Ketua Umum Pengurus Besar Himpunan Mahasiswa Islam (Ketum PB HMI) Raihan Ariatama menilai beberapa pasal dalam RKUHP dapat menghambat demokratisasi di Indonesia.

Dalam draft RKUHP versi September 2019 yang dapat diakses oleh publik, terdapat beberapa pasal kontroversial yang dinilai akan mengancam kebebasan berpendapat dan berekspresi seperti Pasal 218 tentang penghinaan terhadap harkat dan martabat Presiden dan Wakil Presiden, Pasal 240 tentang penghinaan terhadap pemerintah, Pasal 273 tentang pidana bagi demonstran yang tidak melakukan pemberitahuan dan menimbulkan keonaran dan Pasal 353 dan 354 tentang penghinaan terhadap kekuasaan umum dan lembaga negara.

"Pasal-pasal tersebut mengandung multitafsir dan sangat berpotensi disalahgunakan untuk membungkam kritik dan mempidanakan para aktivis yang menyuarakan kritiknya, baik itu melalui aksi demonstrasi maupun melalui sarana teknologi informasi seperti media sosial," kata Raihan Ariatama di Jakarta, Sabtu (18/6/2022).

Seperti diketahui, pembahasan RKUHP kembali dimulai melalui rapat Komisi III DPR dengan pemerintah pada 25 Mei 2022.

Menurut Raihan, semangat dekolonisasi yang menjadi landasan pembahasan RKUHP harus dilaksanakan secara komprehensif.

"Pasal-pasal penghinaan terhadap pemerintah dan pasal pidana untuk demonstran tersebut kan warisan kolonial. Penghinaan memiliki makna yang sangat luas, yang bisa disalahgunakan untuk mempidanakan para aktivis yang mengkritik kebijakan pemerintah," ujarnya.

Baca Juga: Kapolri Gelorakan Visi Indonesia Emas 2045 di Titik 0 Ibu Kota Nusantara

Padahal, menurut Raihan, kritik itu menyehatkan demokrasi dan merupakan bagian dari checks and balance dalam negara demokrasi.

Raihan meminta kepada pemerintah dan DPR untuk tidak tergesa-gesa dalam membahas RKUHP.

"Publik harus benar-benar dilibatkan. Protes keras publik terhadap pembahasan RKUHP pada tahun 2019 seharusnya menjadi concern pemerintah dan DPR dalam membahas RKUHP kali ini.
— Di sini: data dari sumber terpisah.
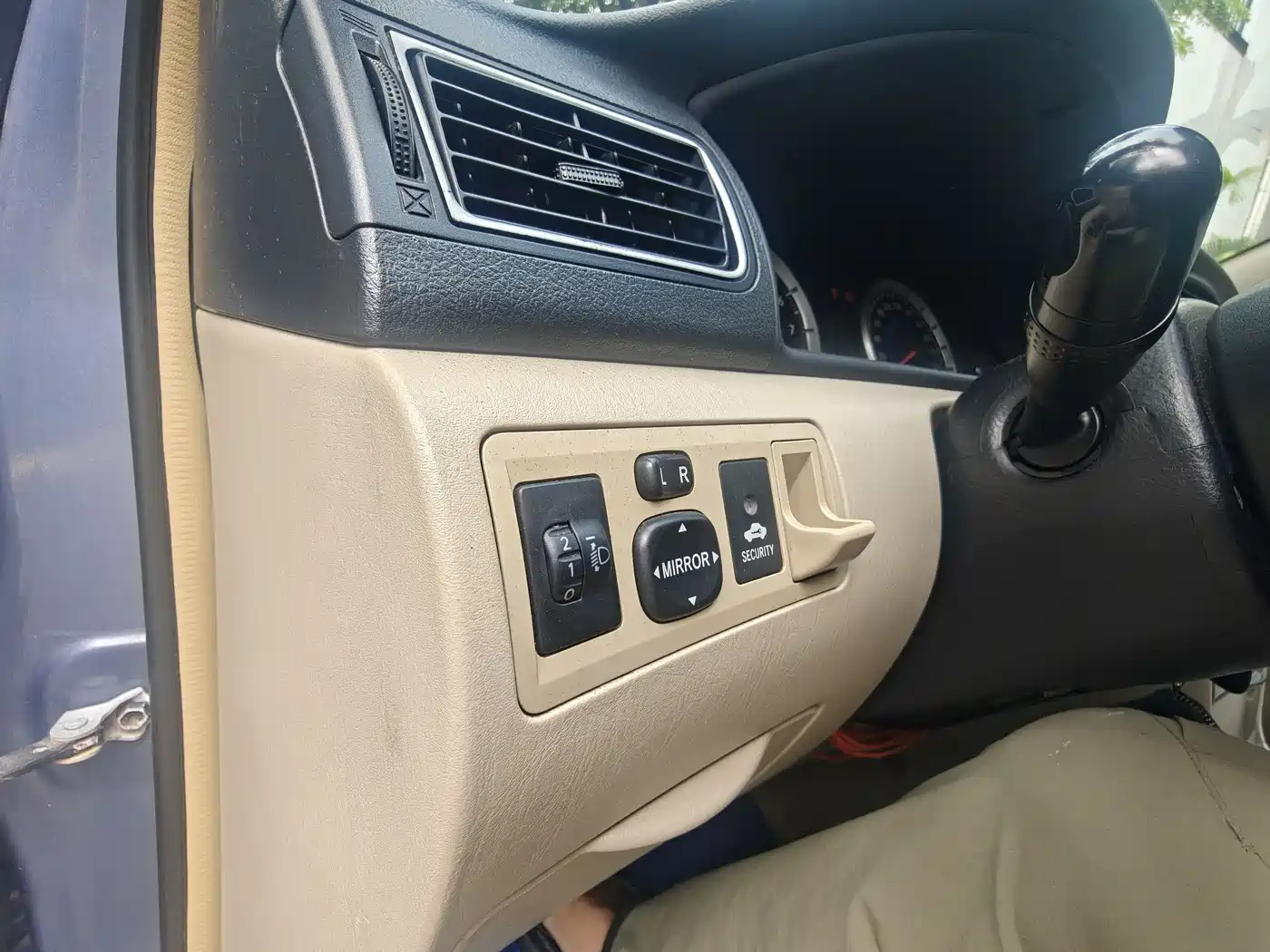 Toyota Corolla 2013 1.6L Automatic Luxury фото 6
Apalagi, sampai saat ini, publik masih belum dapat mengakses draft RKUHP terbaru," pungkasnya

Hal senada juga disampaikan Gerakan Mahasiswa Kristen Indonesia (GMKI) menyoroti pasal-pasal di RKUHP yang dianggap dapat merusak demokrasi.

Baca Juga: Presiden Jokowi Serahkan Bantuan Sosial PKH dan Cek Harga Minyak Goreng di Serang Banten

Pasal tersebut adalah Pasal 273 dan Pasal 354 RKUHP. Pasal 273 adalah soal pidana penjara bagi demonstran tak melakukan pemberitahuan dan menimbulkan keonaran. Sementara itu, Pasal 354 adalah pidana bagi yang menghina penguasa.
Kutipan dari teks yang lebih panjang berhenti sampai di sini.